The strike was ostensibly organised to demand changes in electoral law and to protest the deaths of 29 people, many of them Islamic hardliners, on Monday during street demonstrations calling for new anti-blasphemy laws. But many Bangladeshis see the protests as continuing gamesmanship between Prime Minister Sheikh Hasina and her archrival former Prime Minister Khaleda Zia ahead of elections next year.
“These politicians have gone mad,” said Dildar Ahmed, a 50-year-old taxi driver. “They are fighting to gain power over our dead bodies.”
Rioting has swept Bangladesh since late February when a war crimes tribunal convicted Delwar Hossain Sayedee, a top leader of the small Opposition party Jamaat-e-Islami, of committing atrocities during Bangladesh’s 1971 war for independence against Pakistan. Clashes between police and Sayedee’s supporters killed more than 70 people. War crimes trials of other Opposition leaders are pending.
The Opposition has accused Hasina of using the tribunals to try to weaken her opponents ahead of the elections, which she denies. Jamaat-e-Islami is a key Zia ally that was a coalition partner in her Government from 2001 to 2006.
The Opposition also is demanding the restoration of a constitutional provision that mandated elections be held under a neutral caretaker administration.
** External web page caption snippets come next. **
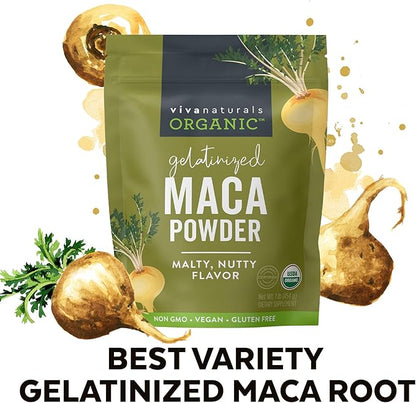 Viva Naturals Organic Maca Powder - Gelatinized Maca Powder Organic, Pervuian Superfood Traditionally Used for Energy, Certified Organic, Gluten-Free & Non-GMO, 16 Oz (1 lb) Bag
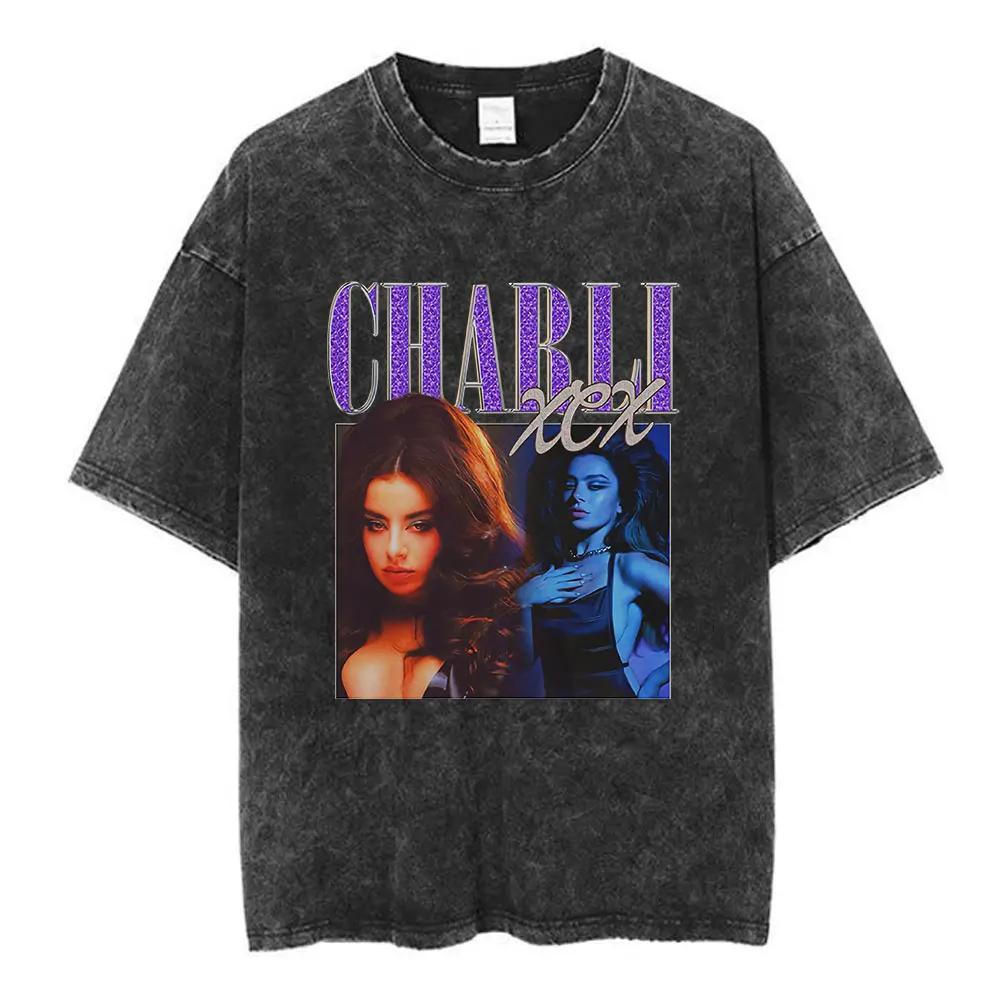 Charli Xcx Brat  Arena Tour Washed T Shirts Men Women Fashion Pop Music Tshirts Cotton Vintage Tshirt Oversized Streetwear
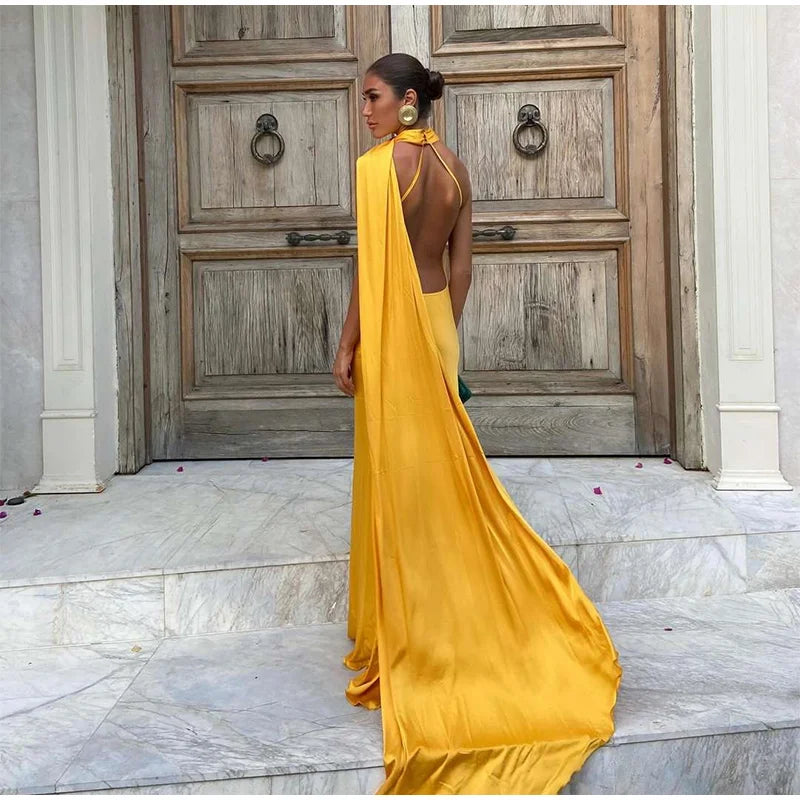 Elegant Ribbon Halter Dress -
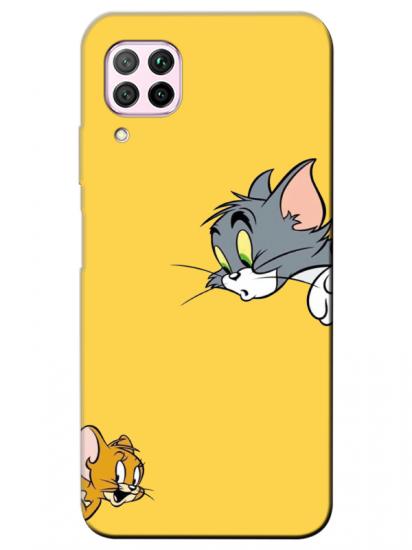 Huawei P40 Lite Tom And Jerry Sarı Telefon Kılıfı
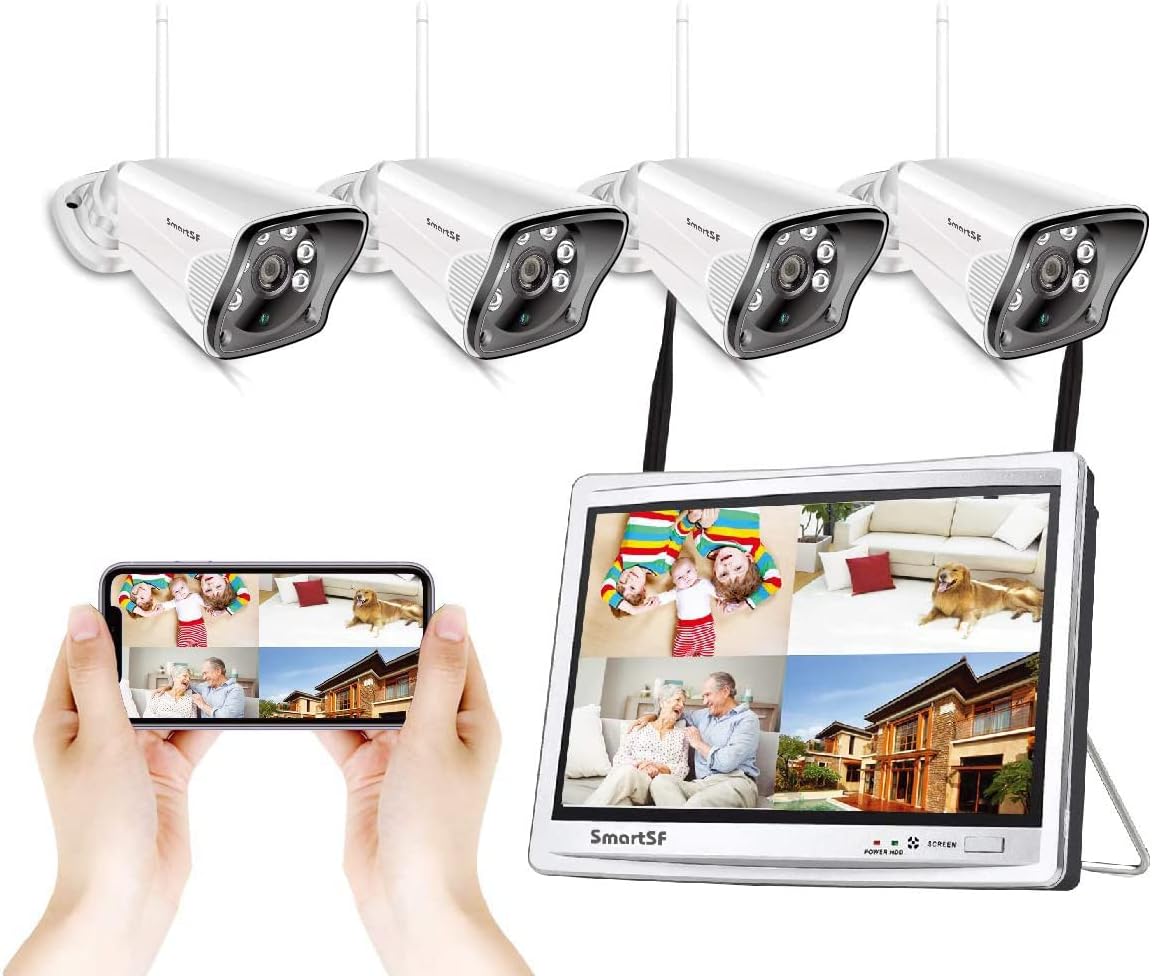 Wireless Security Camera System with 12 LCD Monitor, 2MP Outdoor, Night Vision, IP66 H53681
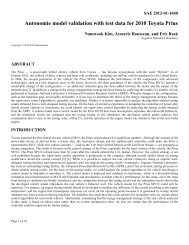 Autonomie Model Validation With Test Data For 2010 Toyota Prius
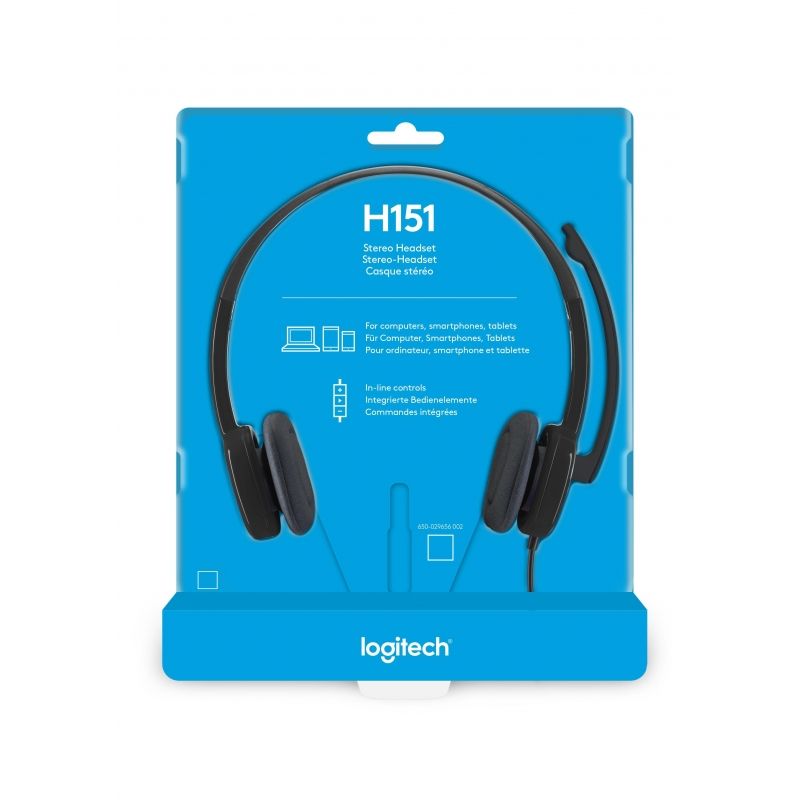 Logitech H151 Auscultadores / com Microfone / Jack 3.5 / Preto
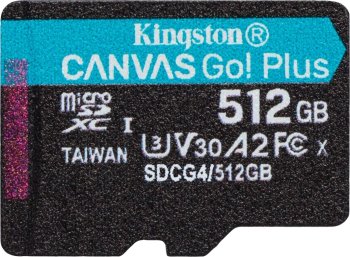 Карта памяти microSDXC 512GB Kingston SDCG4/512GBSP Canvas Go! Plus V30 A2 w/o adapter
The system was abolished two years ago after the Supreme Court ruled it unconstitutional.
Fearing arrest by the war crimes tribunals, Jamaat leaders have gone into hiding.
But a new group emerged in its place.
Hefazat-e-Islam, led by a respected octogenarian Islamic thinker Shah Ahmed Shafi, says it is a non-political organisation fighting those who want to undermine Islam. It accused the Government of tolerating blogs ridiculing the country’s dominant religion and has called for a harsher law against blasphemy.
The Government rejected the demand, saying current laws were sufficient and reaffirming the nation’s secular character.
Many in Bangladesh suspect Shafi’s group is a Jamaat proxy, pointing to its roots in the country’s thousands of Islamic schools, reported financing by Jamaat and backing by Saudi Arabia.
“The blasphemy law is not the real issue here. This group of fighting for Jamaat to protect the war crimes suspect.” said Anwarul Azim, head of a university in southeastern Chittagong, where Shafi has his headquarters in an Islamic school.
Analysts also see the latest street fights as prelude to the show of power ahead of next year’s general election.
“In the final analysis, the game is all for power,” said Hassan Shahriar, a political columnist. “Zia is supporting the hardliners not out of love for them, but for their support in the next elections.”
Jamaat and the Islamic groups command nearly 3 per cent of the vote.
Last week, Hasina offered to hold talks with Zia to try to end the unrest.
“Strikes and deaths on the streets are not a solution,” she said, “Talking to each other is the best way to settle political differences.”
Zia has turned down the offer, saying the Government must first agree to appoint a caretaker administration to oversee the election.